Exit Protocol (Hal Shepard Sci-Fi Thrillers Book 1) by Nick Stephenson

Exit Protocol (Hal Shepard Sci-Fi Thrillers Book 1) by Nick Stephenson

Author:Nick Stephenson [Stephenson, Nick]
Language: eng
Format: epub
Publisher: WJ Books Ltd
Published: 2020-02-04T16:00:00+00:00


17

Two hours later I found myself back at my desk, my mind spinning. Goswami had given me a temporary reprieve — a way to buy myself a few hours — but if the audit flagged me before I could get underground, the chances of getting Meredith to safety dropped to pretty much zero. It would be difficult enough to stay ahead of Triss, but with Im-Sec out for my blood I wouldn’t last five minutes. So I’d need to move fast, have everything ready.

For this to work I’d need to load up the synapse drive with dummy data, and hope Triss took enough precautions to delay checking it until later. To get the dummy data onto the drive in the first place, I’d need to convince SAI to work with me — and keep quiet about it long enough for me to get away. If SAI decided to alert anyone to what was going on, it would be game over. I’d be arrested before I’d even left the building. At which point, Triss would come for Meredith and there would be precisely nothing I could do about it.

Gos had given me a last-resort measure, but it was just that — a last resort. If SAI wouldn’t play ball, or if Triss’s program prevented him from protecting his files, my only option would be to take full command and shut him down. And that meant overriding his core directives, using a brute force termination signal to render SAI basically inoperable, wiping the synapse drive of any usable data in the process.

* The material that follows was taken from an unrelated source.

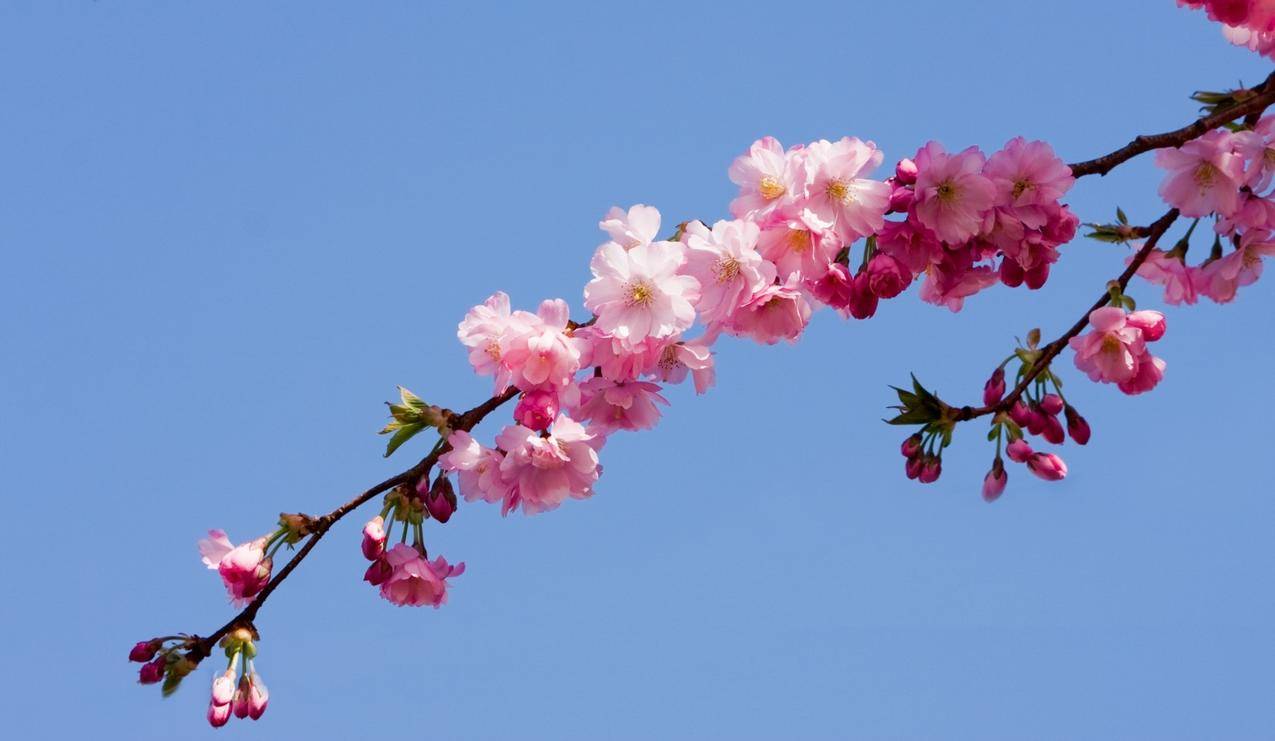 美丽的樱花高清图片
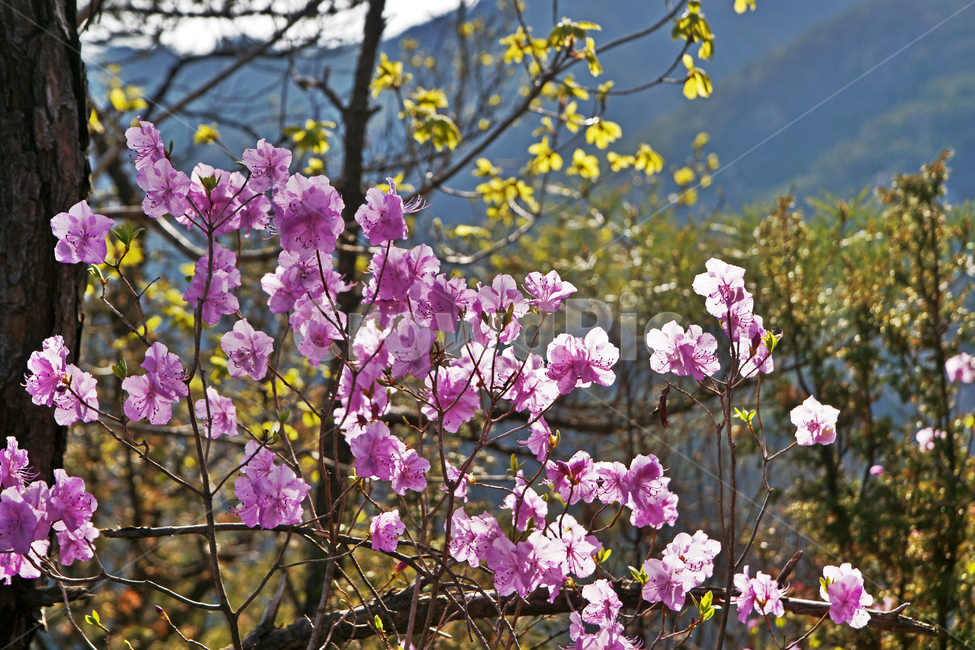 진달래,꽃,진달래꽃,koreanrosebay,쌍떡잎식물,식물,봄,계절,참꽃,두견화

The drive would still be full, but the files would be corrupted beyond use.

Best case scenario, SAI would be crippled. A shadow of his former self, his core personality ripped to shreds. More likely, Gos said, it would kill him (whatever that meant, for a computer) and set off just about every alarm system in the building. I’d have prevented the data breach, sure, but SAI would be destroyed and I’d have a battalion of armed Im-Sec agents to deal with. Hardly the ideal outcome.

Was destroying a sentient AI the same as killing? I wasn’t sure. But I felt uneasy about the moral implications enough to assume it probably was. Besides, he was starting to grow on me.

Here’s how I saw it going down: Triss would arrange for Armstrong to change the security shift at SAI’s server bunker at a specific time tomorrow morning. There’d be some kind of delay, and that would be my window. I’d hook up to SAI via the synapse drive, but use Goswami’s interface patch to alert SAI to what was going on, and get him to fill the drive with scrambled data. Assuming SAI didn’t trip the alarm, I’d deliver the drive to Triss (or, more likely, one of her buddies) and then I’d have a few hours to get me and Meredith underground and out of sight.

It all sounded feasible in my head, but I knew making this work meant eliminating the variables. Making sure nothing was left to chance.